It is often said that Intelligent Design (ID) isn't science because it does not lend itself to testing. There is, we are told, no way to falsify the claim that intelligence was involved in the development of living things and therefore the suggestion that it was is scientifically vacuous. This is the conventional wisdom, but it seems to me to be mistaken.
As Karl Popper instructed us, science proceeds by what he called conjectures and refutations. Scientists offer a conjecture that some phenomenon can be explained in a particular fashion and then other scientists set about trying to show that the conjecture is false. If there is no way that the conjecture can be tested then it's considered (by some but by no means all scientists) to be outside the domain of science.

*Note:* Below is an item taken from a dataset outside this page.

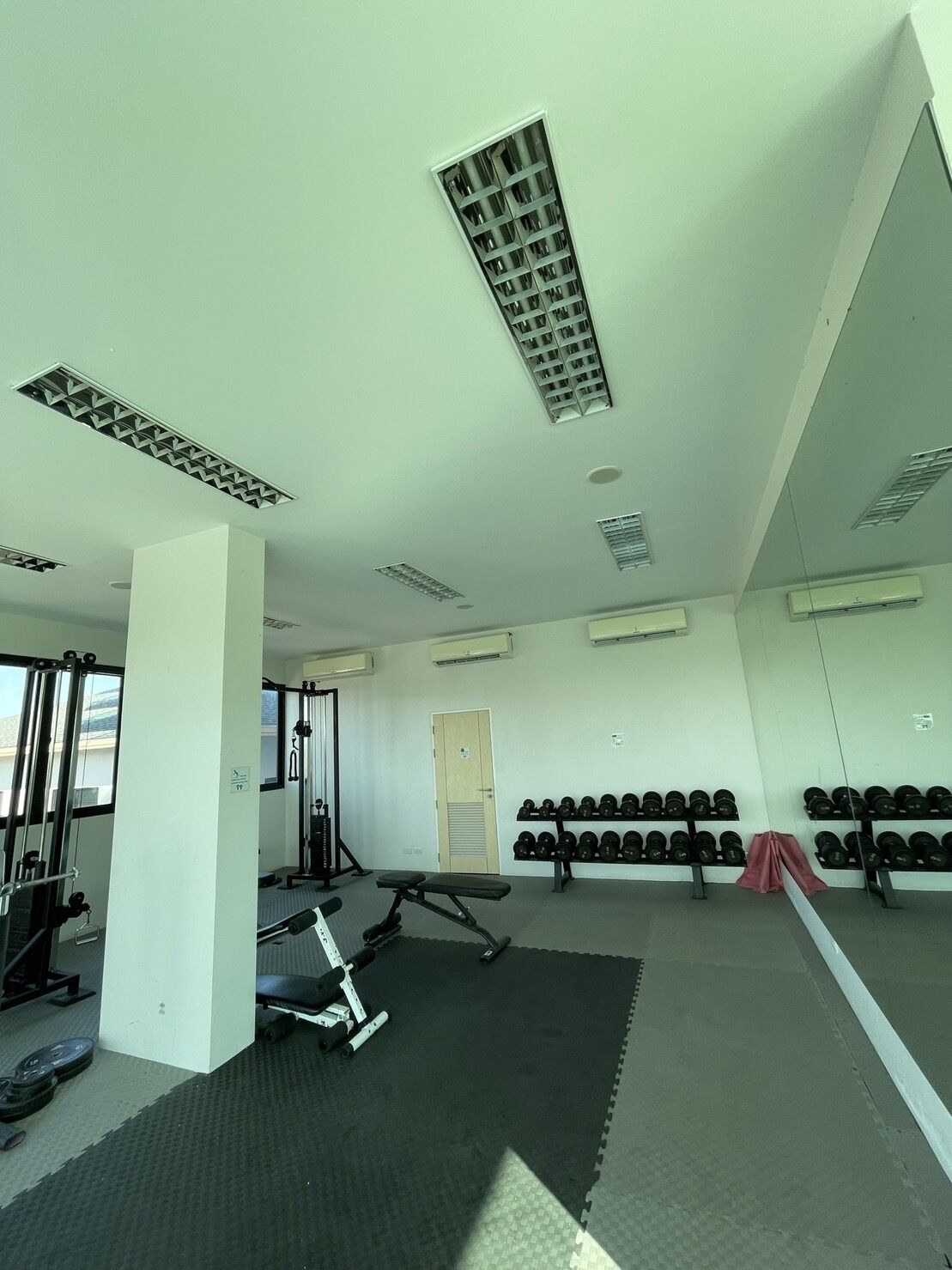 A gym with exercise equipment, a mirrored wall, and a rack of dumbbells.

As long as a testable conjecture withstands the scrutiny to which it is subjected, it remains scientifically viable. It remains a legitimate scientific hypothesis until evidence for its falsity, or its unliklihood, accumulates to the point where a consensus of scientists becomes persuaded that the conjecture is improbable. At that point it doesn't cease to be a scientific hypothesis, rather it falls into the category of "bad science." Even this is not a death sentence, however, since future investigators may resurrect it as new evidence becomes available and the old conjecture, perhaps modified, is seen as a compelling explanation for that new evidence.

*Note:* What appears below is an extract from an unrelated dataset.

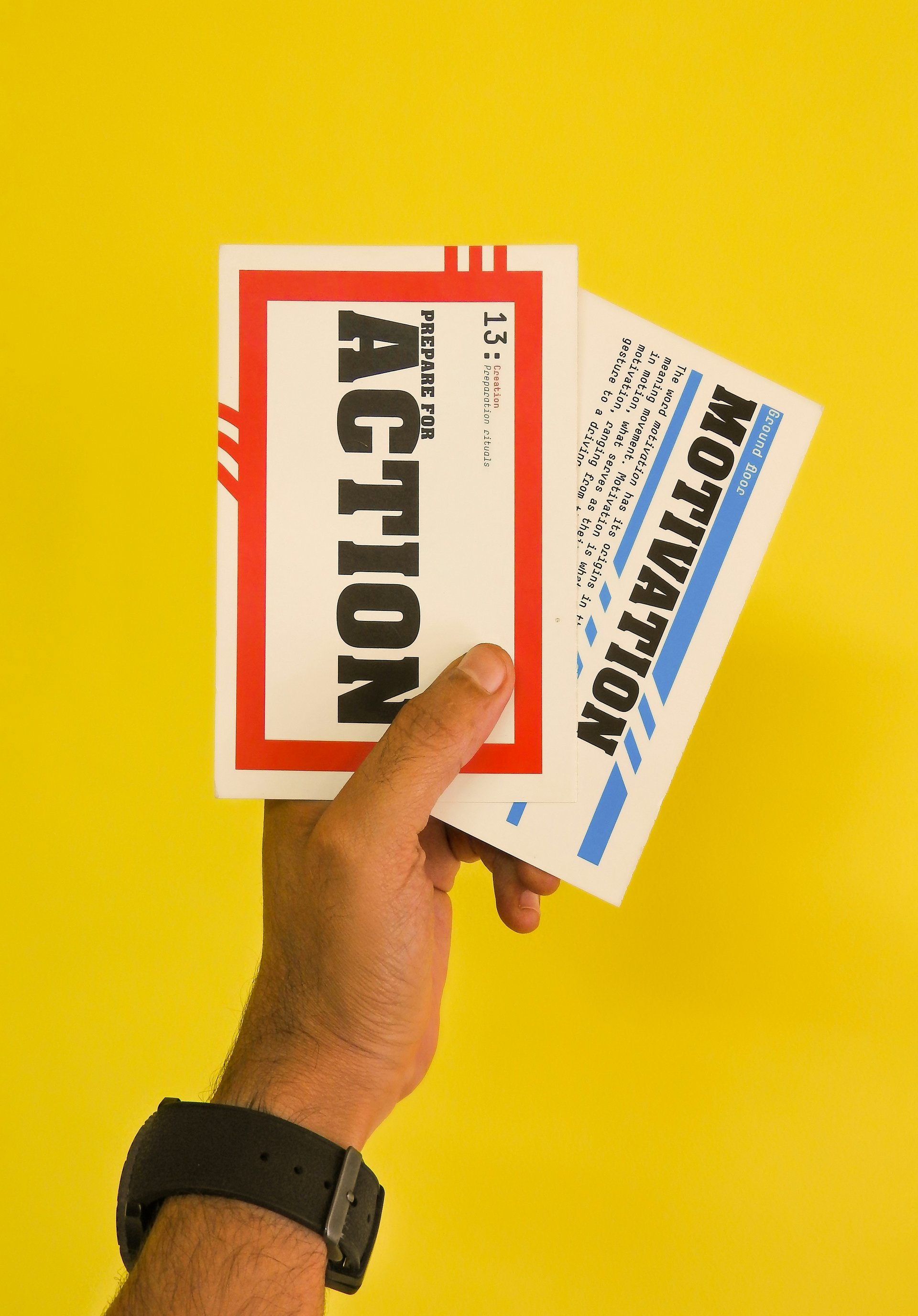 Person holding flyers at a community event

Intelligent Design, or at least that argument for it based upon irreducible complexity (IC), lends itself nicely to the Popperian model.
Let some structure, system, or process (S) be adduced which exhibits at least prima facie design in the form of what appears to be irreducible complexity. The ID position is twofold: It asserts 1. that there are at least some (S) that are irreducibly complex, and that, 2. if these instances of (S) do in fact exhibit IC then whatever processes might be ultimately responsible for (S) must include as part of the mix intelligent guidance or agency (I). The latter claim is not especially controversial, but the first claim is.
Thus it is this claim that biologists must refute in order to discredit IC (and derivatively, ID), and this claim, that some (S) are irreducibly complex, is testable.
Once the claim that a particular (S) possesses IC is made then biologists set about trying to come up with a plausible pathway or set of mechanisms that could have produced (S) independently of (I). The solution must be plausible and not merely logically possible.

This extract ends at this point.